Spectacles
“Saint-Félix” d’Élise Chatauret : le théâtre documentaire en jeu

“Saint-Félix” d’Élise Chatauret : le théâtre documentaire en jeu

13 March 2019 | PAR Simon Gerard

En mars, Le Centquatre-Paris propose à ses publics une création d’Élise Chatauret à la croisée des genres et des théâtralités. Pièce de peu de moyens et d’une grande sensibilité, Saint-Félix est à l’image du hameau qu’elle explore : humble, curieuse, et empreinte d’une belle gravité.

Jouer au documentaire

À un premier degré d’analyse, Saint-Félix a tout l’air d’une enquête privée sur Lucie, jeune trentenaire au mode de vie atypique ayant décidé de s’installer dans le petit hameau de Saint-Felix avec son compagnon, avant de mourir peu après son emménagement dans des circonstances inconnues.
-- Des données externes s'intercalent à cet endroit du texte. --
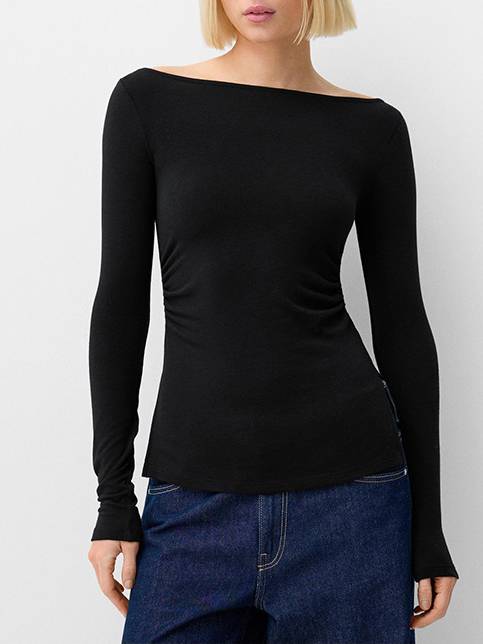 Boat neck pleated slit T-shirt - Image 4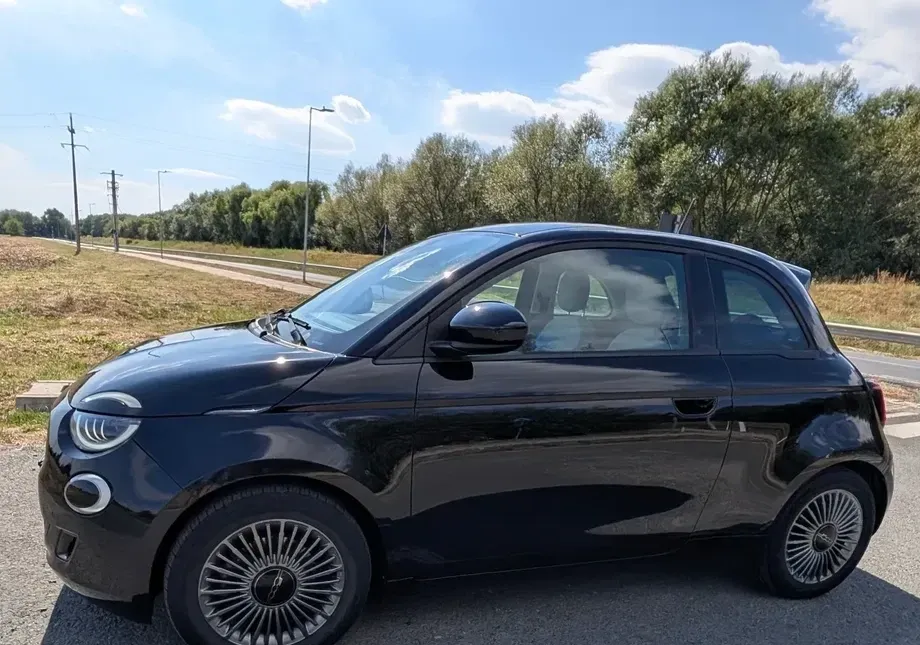 FIAT 500E 42 kW 118 CP Icon — imagine 2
On suit l’équipe de la metteuse en scène dans un récit éclaté par lequel on en apprend plus sur Lucie, évidemment, mais aussi sur Saint-Félix, symbole d’une campagne française extraordinaire tant par son échelle que par son éloignement de nos préoccupations urbaines.

Saint-Felix a l’originalité d’exploiter le genre documentaire à la fois comme objet et sujet. Les témoignages de villageois récoltés sur place par la metteuse en scène et son équipe sont interprétés sur scène par quatre comédiens dont le jeu respire le réel — qu’il s’agisse aussi bien des mots et des expressions que des tons, des regards et des gestes. Pour autant, on est loin d’un théâtre documentaire à la Milo Rau chez qui le témoin, présence viscérale du plateau, se livre à un public paralysé par l’injection d’une dose intense d’expérience. Non, avec Saint-Felix, c’est le genre documentaire lui-même est mis en regard, interrogé — et la pièce gagne alors en profondeur.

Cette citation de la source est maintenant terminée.